**Work item:** Whenever a line in the data holds the string "Télé", copy that line.

**Records for the task:**
<<<<
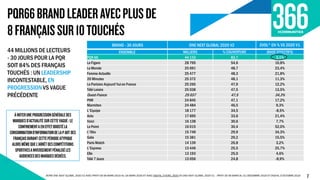 PQR66BRANDLEADERAVECPLUSDE
8FRANÇAISSUR10TOUCHÉS
44 MILLIONS DE LECTEURS
- 30 JOURS POUR LA PQR
SOIT 84% DES FRANÇAIS
TOUCHÉS : UN LEADERSHIP
INCONTESTABLE, EN
PROGRESSION VS VAGUE
PRÉCÉDENTE
BRAND - 30 JOURS ONE NEXT GLOBAL 2020 V2 EVOL° EN % VS 2020 V1
ENSEMBLE MILLIERS % COUVERTURE (BASE EFFECTIFS)
PQR 66 44 133 83,7 3,1%
Le Figaro 28 795 54,6 10,8%
Le Monde 25 691 48,7 23,4%
Femme Actuelle 25 477 48,3 21,8%
20 Minutes 25 372 48,1 11,3%
Le Parisien Aujourd'huien France 25 265 47,9 12,2%
Télé Loisirs 25 038 47,5 13,5%
Ouest-France 25 037 47,5 34,3%
PHR 24 845 47,1 17,2%
Marmiton 24 484 46,5 9,3%
L'Equipe 18 177 34,5 -8,5%
Actu 17 695 33,6 21,4%
Voici 16 138 30,6 7,7%
Le Point 16 015 30,4 52,0%
L'Obs 15 749 29,9 34,3%
Gala 15 381 29,2 15,5%
Paris Match 14 139 26,8 3,2%
L'Express 13 446 25,5 25,7%
Elle 13 193 25,0 4,6%
Télé 7 Jours 13 056 24,8 -8,9%
ACPM ONE NEXT GLOBAL 2020 V2 AVEC PRINT DE MI-MARS 2019 AU 16 MARS 2020 ET AVEC DIGITAL D’AVRIL 2020 VS ONE NEXT GLOBAL 2020 V1 : PRINT DE MI-MARS AU 31 DÉCEMBRE 2019 ET DIGITAL D’OCTOBRE 2019
7
ÀNOTERUNEPROGRESSIONGÉNÉRALEDES
MARQUESD’ACTUALITÉSURCETTEVAGUE:LE
CONFINEMENTAENEFFETBOOSTÉLA
CONSOMMATIOND’INFORMATIONDELAPART DES
FRANÇAISDURANT CETTEPÉRIODEATYPIQUE
ALORSMÊMEQUEL’ARRÊTDESCOMPÉTITIONS
SPORTIVESAINVERSEMENTPÉNALISÉLES
AUDIENCESDESMARQUESDÉDIÉES.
>>>>
**Answer section:**
Télé Loisirs 25 038 47,5 13,5%
Télé 7 Jours 13 056 24,8 -8,9%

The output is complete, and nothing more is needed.